Ryan spent his first two years of college studying Political Science and Middle Eastern Studies on the Middle East-Mediterranean Campus of the Paris Institute of Political Studies (Sciences Po) in Menton, France. He returned to New York for his third and fourth years to focus on Middle Eastern Studies and Anthropology at Columbia, and graduated in May with a bachelor of arts degree from each institution.
“My college experience challenged me academically and personally in ways I would have never expected. My time at these two universities did not just allow me to achieve a list of preset goals I brought with me after having graduated high school.
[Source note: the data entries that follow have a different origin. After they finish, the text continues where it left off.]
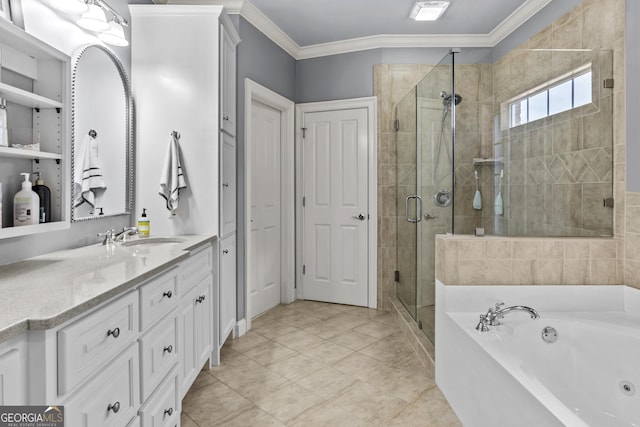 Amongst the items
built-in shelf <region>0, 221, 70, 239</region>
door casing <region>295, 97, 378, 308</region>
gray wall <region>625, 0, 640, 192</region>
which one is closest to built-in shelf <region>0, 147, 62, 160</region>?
built-in shelf <region>0, 221, 70, 239</region>

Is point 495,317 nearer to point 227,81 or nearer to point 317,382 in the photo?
point 317,382

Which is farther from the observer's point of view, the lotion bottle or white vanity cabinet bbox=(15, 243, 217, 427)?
the lotion bottle

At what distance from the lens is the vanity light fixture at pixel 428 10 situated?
3.06m

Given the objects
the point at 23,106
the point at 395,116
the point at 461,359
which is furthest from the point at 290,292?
the point at 23,106

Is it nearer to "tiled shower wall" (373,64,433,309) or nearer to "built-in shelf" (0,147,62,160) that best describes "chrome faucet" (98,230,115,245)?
"built-in shelf" (0,147,62,160)

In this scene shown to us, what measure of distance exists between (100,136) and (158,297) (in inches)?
45.2

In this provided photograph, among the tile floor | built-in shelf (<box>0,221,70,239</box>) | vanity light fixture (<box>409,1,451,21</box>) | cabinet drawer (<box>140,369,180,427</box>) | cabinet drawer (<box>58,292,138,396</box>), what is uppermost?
vanity light fixture (<box>409,1,451,21</box>)

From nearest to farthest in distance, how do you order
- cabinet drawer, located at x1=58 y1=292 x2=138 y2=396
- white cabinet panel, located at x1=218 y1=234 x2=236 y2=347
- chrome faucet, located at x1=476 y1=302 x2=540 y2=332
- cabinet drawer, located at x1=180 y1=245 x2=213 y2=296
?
cabinet drawer, located at x1=58 y1=292 x2=138 y2=396, chrome faucet, located at x1=476 y1=302 x2=540 y2=332, cabinet drawer, located at x1=180 y1=245 x2=213 y2=296, white cabinet panel, located at x1=218 y1=234 x2=236 y2=347

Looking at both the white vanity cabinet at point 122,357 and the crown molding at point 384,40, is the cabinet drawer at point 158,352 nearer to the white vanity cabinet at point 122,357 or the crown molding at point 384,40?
the white vanity cabinet at point 122,357

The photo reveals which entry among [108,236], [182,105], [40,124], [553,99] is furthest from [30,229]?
[553,99]

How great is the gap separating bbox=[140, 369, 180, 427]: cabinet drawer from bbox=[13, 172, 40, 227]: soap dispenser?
82 centimetres

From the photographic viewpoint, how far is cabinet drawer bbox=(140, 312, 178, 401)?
141cm

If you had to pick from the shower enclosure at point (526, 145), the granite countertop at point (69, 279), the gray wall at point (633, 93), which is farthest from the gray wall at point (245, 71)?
the gray wall at point (633, 93)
It has changed me and the very idea of what my path should be,” Ryan explains. “I am currently studying Arabic in Amman, Jordan as a Fellow at the Center for Arabic Study Abroad. The fellowship provides full funding for my studies and living costs. At the end of this year, I will take the Arabic ACTFL exam with the goal of certifying superior-level proficiency.”
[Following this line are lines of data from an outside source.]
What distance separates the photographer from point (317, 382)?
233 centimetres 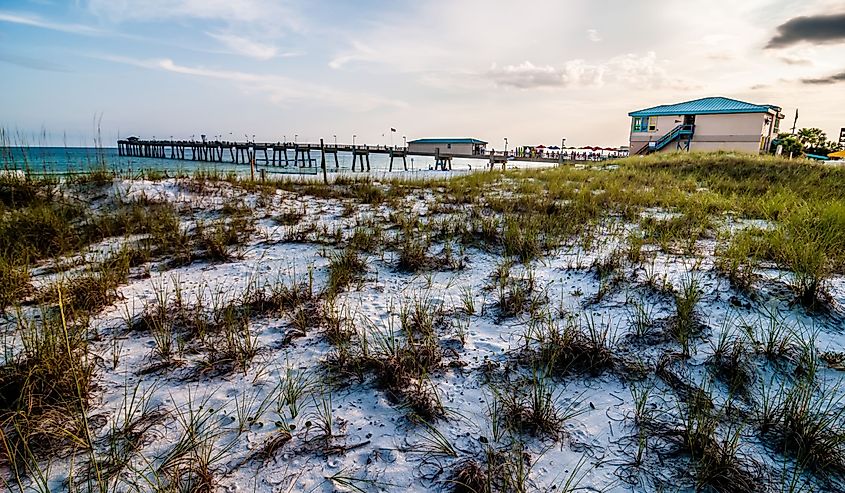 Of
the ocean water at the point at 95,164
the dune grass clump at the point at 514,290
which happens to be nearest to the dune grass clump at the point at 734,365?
the dune grass clump at the point at 514,290

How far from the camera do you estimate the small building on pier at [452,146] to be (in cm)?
5659

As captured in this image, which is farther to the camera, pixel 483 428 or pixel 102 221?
pixel 102 221

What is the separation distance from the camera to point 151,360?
2885 mm

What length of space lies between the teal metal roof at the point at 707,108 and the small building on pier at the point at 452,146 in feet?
74.1

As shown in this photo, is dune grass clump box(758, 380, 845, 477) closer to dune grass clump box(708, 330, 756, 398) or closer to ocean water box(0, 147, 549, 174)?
dune grass clump box(708, 330, 756, 398)

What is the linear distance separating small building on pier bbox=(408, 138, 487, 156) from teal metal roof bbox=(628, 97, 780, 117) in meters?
22.6

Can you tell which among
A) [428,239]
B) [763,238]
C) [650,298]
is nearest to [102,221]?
[428,239]

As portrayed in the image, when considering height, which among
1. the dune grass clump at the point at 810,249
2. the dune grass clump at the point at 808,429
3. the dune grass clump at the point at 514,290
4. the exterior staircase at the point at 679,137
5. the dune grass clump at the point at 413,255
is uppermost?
the exterior staircase at the point at 679,137

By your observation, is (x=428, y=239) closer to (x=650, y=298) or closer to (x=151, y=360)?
(x=650, y=298)

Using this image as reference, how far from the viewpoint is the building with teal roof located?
32.6m

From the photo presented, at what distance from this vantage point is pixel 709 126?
111 feet

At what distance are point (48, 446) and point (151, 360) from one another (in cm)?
87

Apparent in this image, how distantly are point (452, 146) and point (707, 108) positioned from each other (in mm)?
37519

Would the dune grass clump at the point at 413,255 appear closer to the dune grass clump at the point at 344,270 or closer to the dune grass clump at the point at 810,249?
the dune grass clump at the point at 344,270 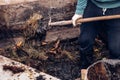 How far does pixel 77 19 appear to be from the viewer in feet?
13.1

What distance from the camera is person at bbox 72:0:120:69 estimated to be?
13.0 ft

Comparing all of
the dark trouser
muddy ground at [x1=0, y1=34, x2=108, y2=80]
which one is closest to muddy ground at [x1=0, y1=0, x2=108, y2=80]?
muddy ground at [x1=0, y1=34, x2=108, y2=80]

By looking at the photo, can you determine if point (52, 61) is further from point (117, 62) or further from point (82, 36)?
point (117, 62)

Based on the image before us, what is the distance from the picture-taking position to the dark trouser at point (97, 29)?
3961 millimetres

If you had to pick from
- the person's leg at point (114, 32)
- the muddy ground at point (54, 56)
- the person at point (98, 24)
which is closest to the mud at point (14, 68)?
the muddy ground at point (54, 56)

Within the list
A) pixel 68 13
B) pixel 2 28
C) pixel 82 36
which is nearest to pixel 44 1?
pixel 68 13

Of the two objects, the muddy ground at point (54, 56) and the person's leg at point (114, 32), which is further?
the muddy ground at point (54, 56)

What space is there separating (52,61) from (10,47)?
77 cm

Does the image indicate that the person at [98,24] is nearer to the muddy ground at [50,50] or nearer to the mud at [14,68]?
the muddy ground at [50,50]

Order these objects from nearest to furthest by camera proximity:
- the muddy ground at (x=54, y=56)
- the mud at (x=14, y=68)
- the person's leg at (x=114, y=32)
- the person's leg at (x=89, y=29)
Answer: the mud at (x=14, y=68) → the person's leg at (x=114, y=32) → the person's leg at (x=89, y=29) → the muddy ground at (x=54, y=56)

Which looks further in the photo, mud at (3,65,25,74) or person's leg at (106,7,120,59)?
person's leg at (106,7,120,59)

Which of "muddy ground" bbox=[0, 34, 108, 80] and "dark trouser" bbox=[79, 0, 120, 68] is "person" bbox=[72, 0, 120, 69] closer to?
"dark trouser" bbox=[79, 0, 120, 68]

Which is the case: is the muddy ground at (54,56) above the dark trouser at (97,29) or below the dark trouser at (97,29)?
below

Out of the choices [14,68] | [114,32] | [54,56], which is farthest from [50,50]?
[114,32] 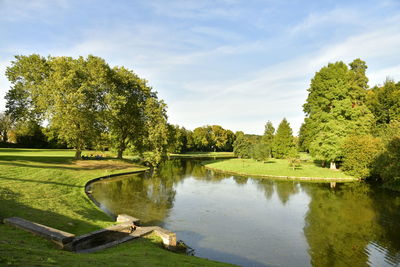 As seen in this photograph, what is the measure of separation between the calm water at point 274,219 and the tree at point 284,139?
36.5 m

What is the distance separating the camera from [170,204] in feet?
73.6

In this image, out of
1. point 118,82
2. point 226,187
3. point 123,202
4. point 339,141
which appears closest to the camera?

In Fall 2020, Ryan will enter the University of Michigan’s doctoral program in Sociocultural Anthropology to focus on Middle Eastern Jewish communities, an extension of his undergraduate thesis on how Iraqi-Jews living in Israel remember Iraq almost 70 years after their departure.
Ryan credits several South Orangetown teachers with challenging him and encouraging him to pursue his interests. “Ms. McMane whipped my essays into shape and taught me how to write with a structure as persuasive as I believed my arguments to be. Mr. Matulac, who I never had as a teacher, was a crucial mentor to me and taught me how to really be critical when reading–he also taught me how to beat the buzzer in Academic League Tournaments, and for that he is owed another debt entirely. Mr. Burgos and Ms. Arietta taught me that language courses are always more about what happens outside the classroom than what happens inside them. They demanded a rigor which allowed me to later be more confident when completing coursework in both French and Arabic. Mr. Robertson’s AP Euro class made me realize I’d never be done studying: I’ll be in school until at least halfway through the next decade. I also want to give a shout-out to Mr. Anderson at SOMS, who spurred my interest in the social sciences when I was just a wacky little kid!”
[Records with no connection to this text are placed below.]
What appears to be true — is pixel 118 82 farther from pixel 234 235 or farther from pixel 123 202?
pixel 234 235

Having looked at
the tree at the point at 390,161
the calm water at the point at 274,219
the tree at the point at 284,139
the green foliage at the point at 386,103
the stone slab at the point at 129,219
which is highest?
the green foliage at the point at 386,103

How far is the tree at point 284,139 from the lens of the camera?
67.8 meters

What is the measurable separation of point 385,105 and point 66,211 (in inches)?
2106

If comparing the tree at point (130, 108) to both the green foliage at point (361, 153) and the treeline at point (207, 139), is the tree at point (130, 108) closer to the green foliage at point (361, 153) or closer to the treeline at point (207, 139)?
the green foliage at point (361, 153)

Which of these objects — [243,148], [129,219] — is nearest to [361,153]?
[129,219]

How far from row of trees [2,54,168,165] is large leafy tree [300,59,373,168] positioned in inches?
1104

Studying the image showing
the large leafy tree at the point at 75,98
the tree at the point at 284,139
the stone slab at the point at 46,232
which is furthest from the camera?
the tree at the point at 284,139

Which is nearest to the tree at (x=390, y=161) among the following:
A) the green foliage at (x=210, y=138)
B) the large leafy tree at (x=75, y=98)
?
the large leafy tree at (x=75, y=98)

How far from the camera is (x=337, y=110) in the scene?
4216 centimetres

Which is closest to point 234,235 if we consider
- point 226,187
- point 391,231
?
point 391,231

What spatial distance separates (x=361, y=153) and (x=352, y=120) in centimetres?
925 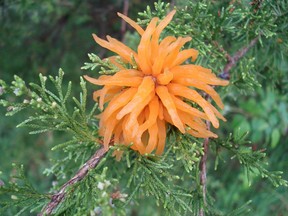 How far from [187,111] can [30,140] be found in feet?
15.0

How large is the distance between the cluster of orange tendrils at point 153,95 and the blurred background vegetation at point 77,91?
1634 mm

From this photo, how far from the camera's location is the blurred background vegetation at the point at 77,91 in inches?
189

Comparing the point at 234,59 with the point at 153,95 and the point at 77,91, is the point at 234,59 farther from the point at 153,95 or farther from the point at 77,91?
the point at 77,91

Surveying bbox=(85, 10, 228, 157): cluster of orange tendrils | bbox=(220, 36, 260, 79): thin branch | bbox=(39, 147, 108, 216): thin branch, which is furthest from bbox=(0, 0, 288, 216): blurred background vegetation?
bbox=(39, 147, 108, 216): thin branch

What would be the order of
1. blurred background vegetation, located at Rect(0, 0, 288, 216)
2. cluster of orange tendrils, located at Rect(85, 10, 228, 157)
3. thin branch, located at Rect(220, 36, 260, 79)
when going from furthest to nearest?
1. blurred background vegetation, located at Rect(0, 0, 288, 216)
2. thin branch, located at Rect(220, 36, 260, 79)
3. cluster of orange tendrils, located at Rect(85, 10, 228, 157)

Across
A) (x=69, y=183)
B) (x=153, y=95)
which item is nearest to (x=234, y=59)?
(x=153, y=95)

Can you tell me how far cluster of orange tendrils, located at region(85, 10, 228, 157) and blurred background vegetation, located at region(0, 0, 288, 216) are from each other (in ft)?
5.36

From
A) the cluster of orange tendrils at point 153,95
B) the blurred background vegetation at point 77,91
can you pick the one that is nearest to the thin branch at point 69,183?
the cluster of orange tendrils at point 153,95

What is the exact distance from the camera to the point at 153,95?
2.52 meters

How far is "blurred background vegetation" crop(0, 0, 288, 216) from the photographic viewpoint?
4.79 meters

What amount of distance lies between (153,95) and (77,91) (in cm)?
384

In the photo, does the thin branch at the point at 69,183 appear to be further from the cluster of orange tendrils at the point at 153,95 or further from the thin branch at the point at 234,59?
the thin branch at the point at 234,59

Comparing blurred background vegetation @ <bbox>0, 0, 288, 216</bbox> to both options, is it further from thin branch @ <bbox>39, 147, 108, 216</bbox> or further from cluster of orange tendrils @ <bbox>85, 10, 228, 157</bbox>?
thin branch @ <bbox>39, 147, 108, 216</bbox>

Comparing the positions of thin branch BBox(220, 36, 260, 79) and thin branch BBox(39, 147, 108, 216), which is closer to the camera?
thin branch BBox(39, 147, 108, 216) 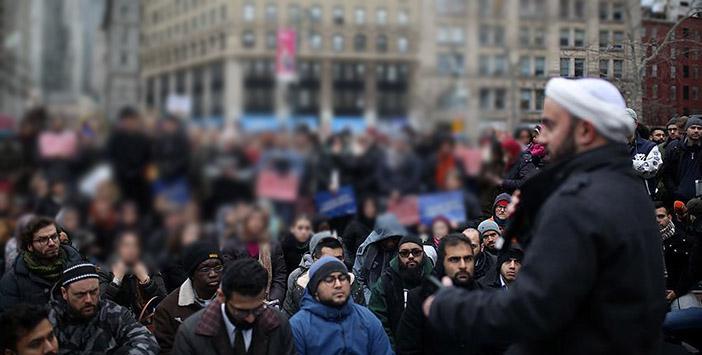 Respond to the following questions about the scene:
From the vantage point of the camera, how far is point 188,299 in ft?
17.8

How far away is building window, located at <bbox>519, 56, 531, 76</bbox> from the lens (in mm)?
4870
Participation in Academic League, History Honor Society and Student Organization enabled Ryan to combine academic and personal interests. “Clubs and activities are often just as important for your future path as your work inside the classroom,” he advises current TZHS students. “Don’t just focus on classes and activities as isolated units, try to forge connections between them. These interdisciplinary links can lead you down roads that are waiting for someone new to take on.”
Our #ProudTZGrad campaign highlights recent Tappan Zee High School alumni who are excelling in an area that is directly connected to their academic and/or school-based extracurricular pursuits at TZHS.